In a way, I already have asked that of Tyson by prying into his feelings about Isla. While simultaneously sidestepping the topic every time my lack of a dating life comes up.
“No,” I admit. “I want to be brave enough to try, though.”
“It can be scary,” Damian says. “But we’re here for you in whatever way you need us to be.”
“Not only does it scare me to open myself up, but statistically, it almost seems like a complete waste of time. About seventy percent of new couples break up within the first year.”
“Glad we made it past that,” Zander says.
“We’re only a few months past it, let’s not jinx it,” Willa says with a playful wink.
“Maybe it’s the relationships that start with a foundation of truth and trust that stand the test of time,” Damian says.
“Not the ones that are based on societal pressures or that look good on Instagram. But the ones that embrace the ugly moments as much as the beautiful ones. Love is more than a kiss with a pretty sunset as a backdrop. Find the person that will hold your hand through the stormy days, too.”
“What he said,” Zander says. “I wouldn’t have made it through the whole ordeal with getting custody of my sister if not for these two.”
“I don’t believe that. You’re stronger than you give yourself credit for,” I tell him. “But I understand what you’re saying. Where is Callie, anyway?”
“At a movie,” he says, crossing his arms across his chest. “With her boyfriend.”
His face morphs into a disgruntled frown, and I stifle a laugh.
“Max is a good kid,” Willa says.
“There isn’t a horny teenage guy on the planet that’s a good enough kid for my sister.”
“Well, the way you scared the shit out of him when he came to pick her up, I’d be surprised if he has the guts to do anything more than hold her hand,” Damian says.
“He fucking better not.”
“Zan opened the door wearing just his workout shorts,” Willa explains. “Poor kid had to see that thick neck, bulging biceps, and the biggest hockey thighs on the team.”
“How big is Max?”
“Oh, God, Kit,” she says through laughter. “He’s a scrawny thing. So damn sweet, but he’s not the athletic type. His eyes got so big when Zan opened the door, he looked like Barrel from Nightmare Before Christmas .”
Zander looks smug as I laugh.
“As amusing as it was, we need to be careful that we don’t alienate him so much that Callie hides things from us,” Damian says.

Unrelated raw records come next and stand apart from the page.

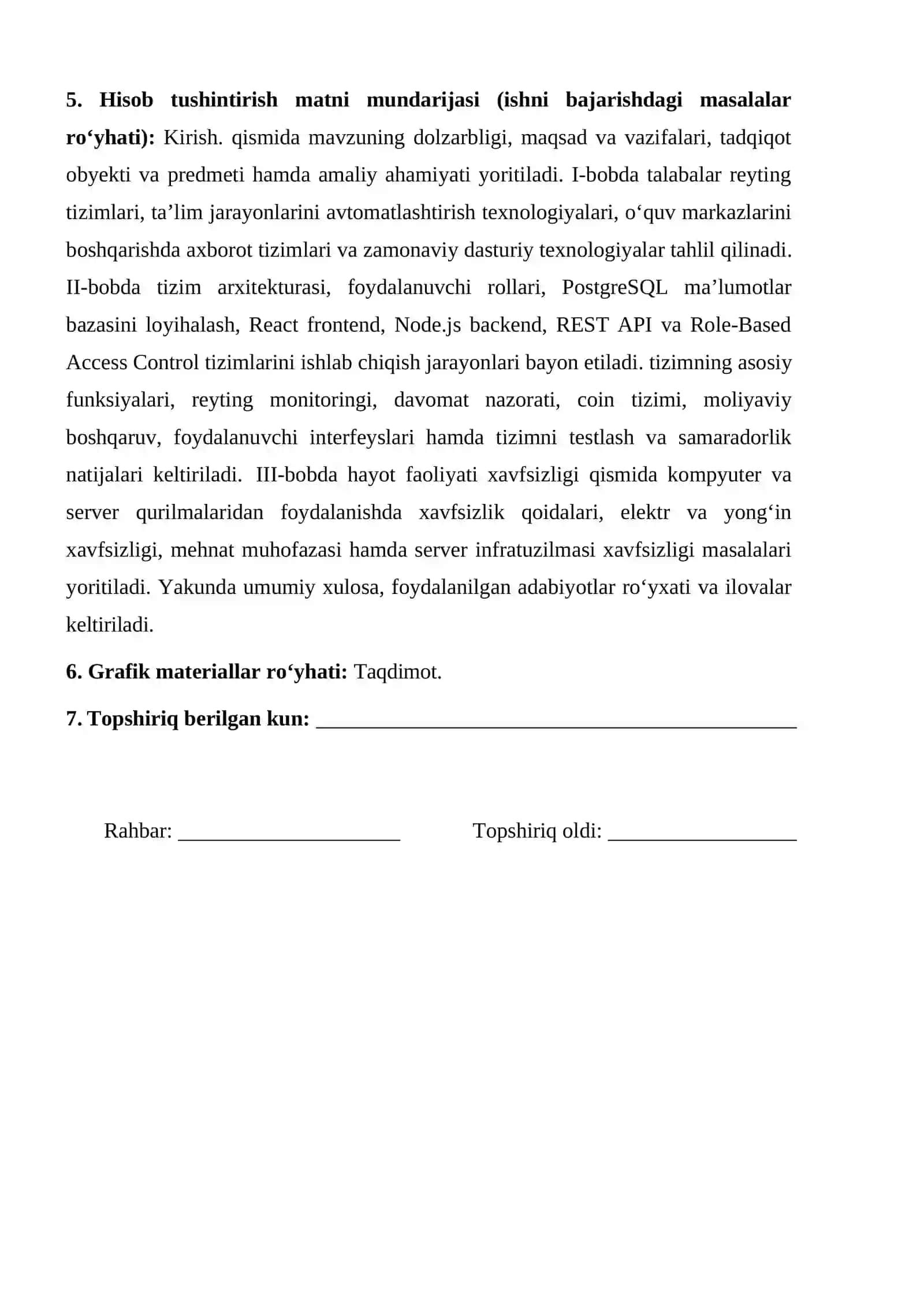 Talabalarning reyting koʻrsatkichlarini shakllantirish va baholash jarayonini qoʻllab quvvatlovchi tizim ishlab chiqish 3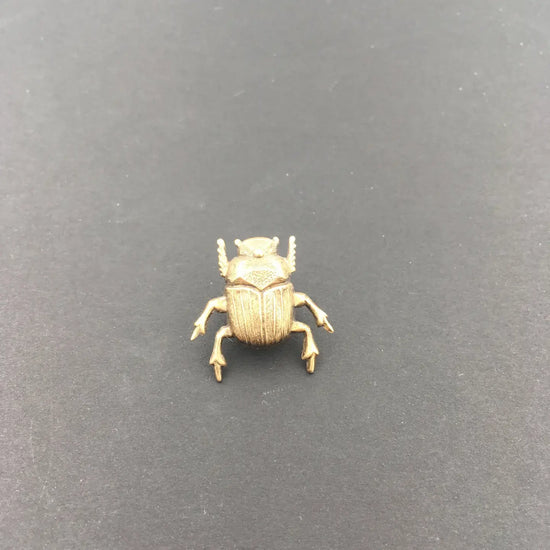 brooch pin - scarab beetle by metal cloth & wood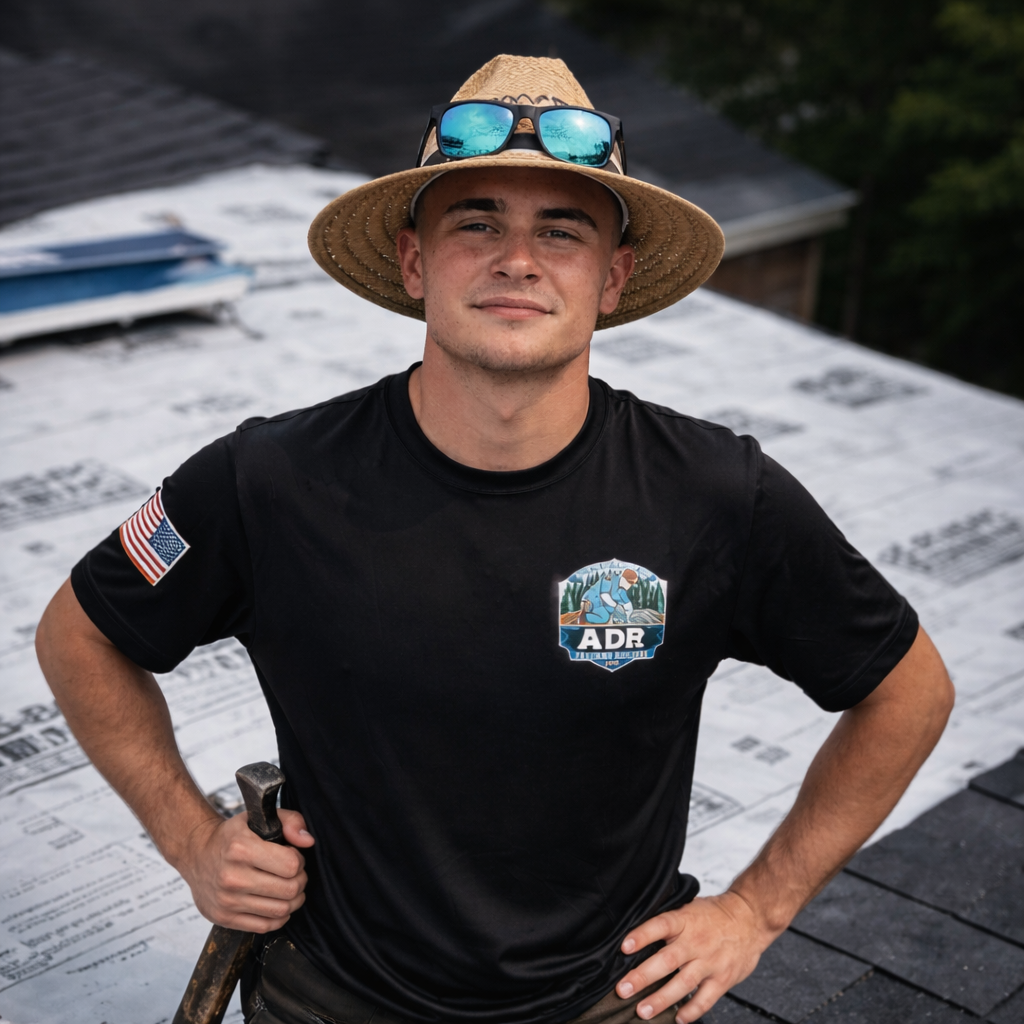 Man in straw hat and black shirt standing on a roof, holding a tool with hands on hips.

“Shit, I hadn’t thought about that,” Zander says. “I was just focused on making sure nobody touches my kid sister.”
The three of them go back and forth on what the best gameplan is, trying to find one that allows Zander to feel like he’s fulfilling his duty, while also giving Callie the freedom to grow into a young woman with agency.
It’s endearing, really. I don’t know how many times I wished for a protector like Zander. A big brother, an uncle, a father who gave a shit. Someone who loved me enough to care. Or at least saw me as something other than a burden, or a tool.

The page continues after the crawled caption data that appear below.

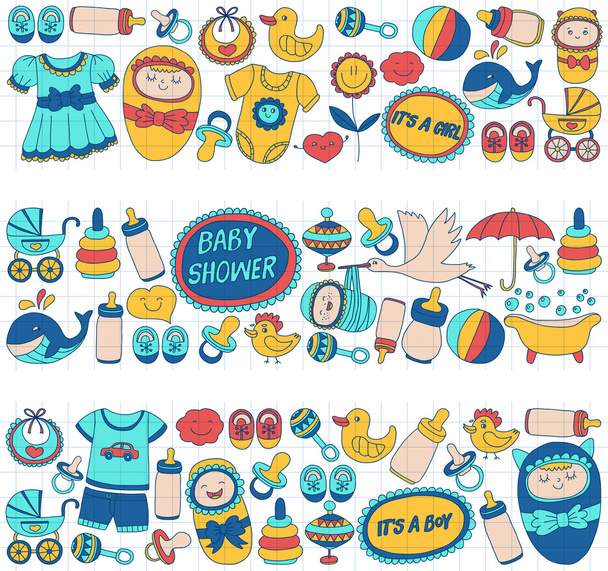 Baby icons Hand drawn doodle vector set - Vector, Image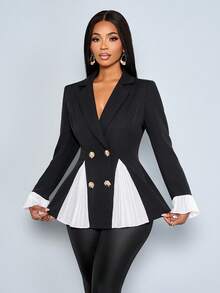 SOLERSUN Women's Elegant 2 In 1 Black Waist-Cinching Long Sleeve Metal Decorated Pleated Ruffle Suit Blazer ,Ruched Waist 3D Cut Peplum Hem Fitted Long Sleeve Blazer, Black Fall Cloth For Women,New Years Women, Business Casual Woman, Office Wear Women, Black Elegant, Fall/Winter - Black and White - View 5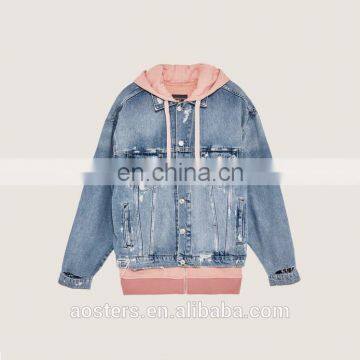 custom hooded inner denim jacket wasit coat hoodies jacket mens wholesale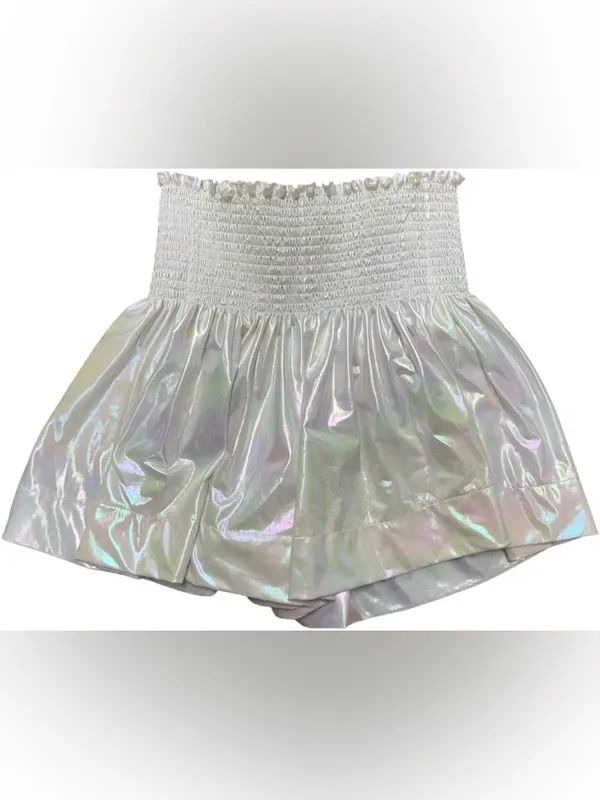 Queen of Sparkles Swing womens shorts in Iridescent White XS - Image 2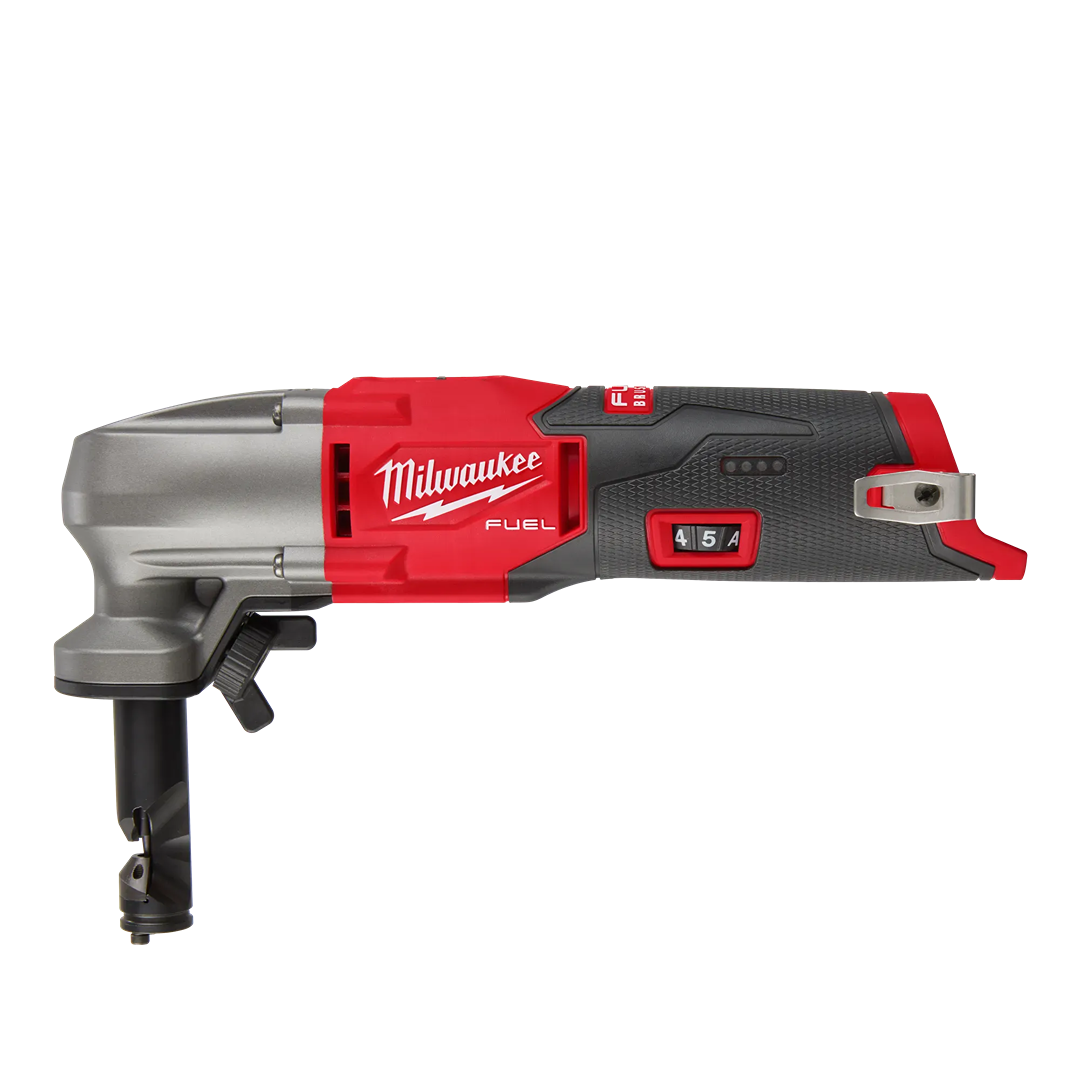 Compact red and black variable speed 16-gauge metal cutting nibbler tool for precision cutting in home improvement tasks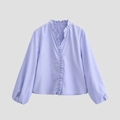 Camicia da donna lilla a maniche lunghe in popeline con eleganti rouches decorative - XS / Celeste
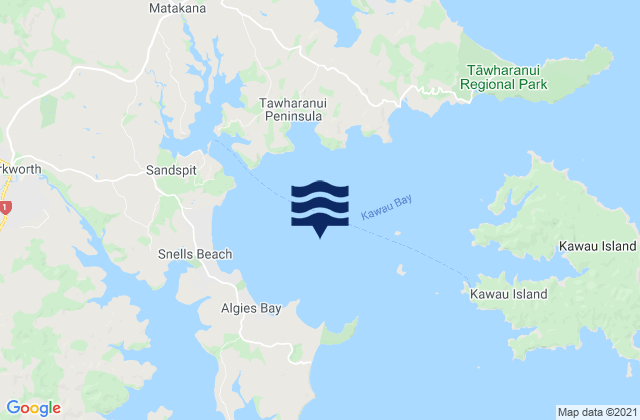 Mappa delle maree di Kawau Bay, New Zealand
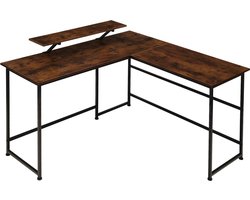 tectake® L-vormig bureau - Computerbureau met verplaatsbaar monitor opzetstuk - Bureautafel van hout en metaal - Industrieel design - Zwart metalen frame - Draagkracht bureaublad 150 kg per plank 50 kg - Afmetingen (LxBxH) 140x130x76,5 - Donkerbruin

Instead, I had a father that reminded me I wasn’t good enough, smart enough, talented enough. One who told me I was good for very little in life, and that I shouldn’t have dreams because they’d never come true.
Dreams are dreams because they’re fucking unattainable, he’d say.
Fantasies are lies we tell ourselves, was another of his favorites.
He pounded that mantra into me day after day.
More days than not, I believed him. I didn’t lie in bed at night imagining a life outside of small-town Maine, not until I was old enough to recognize that he was the lie.
Luckily, that was early enough to know I had to work my ass off in high school to get scholarships and acceptance letters from enough colleges to give me choices. The first choice in my life that was mine alone.
I’ve savored the ability ever since. Even if sometimes it seems like it would be nice to surrender that to someone else, occasionally. I don’t know how to share responsibility or control. I don’t know how to share life.
Which is only another reason dating Tyson Murphy feels too daunting to ever work.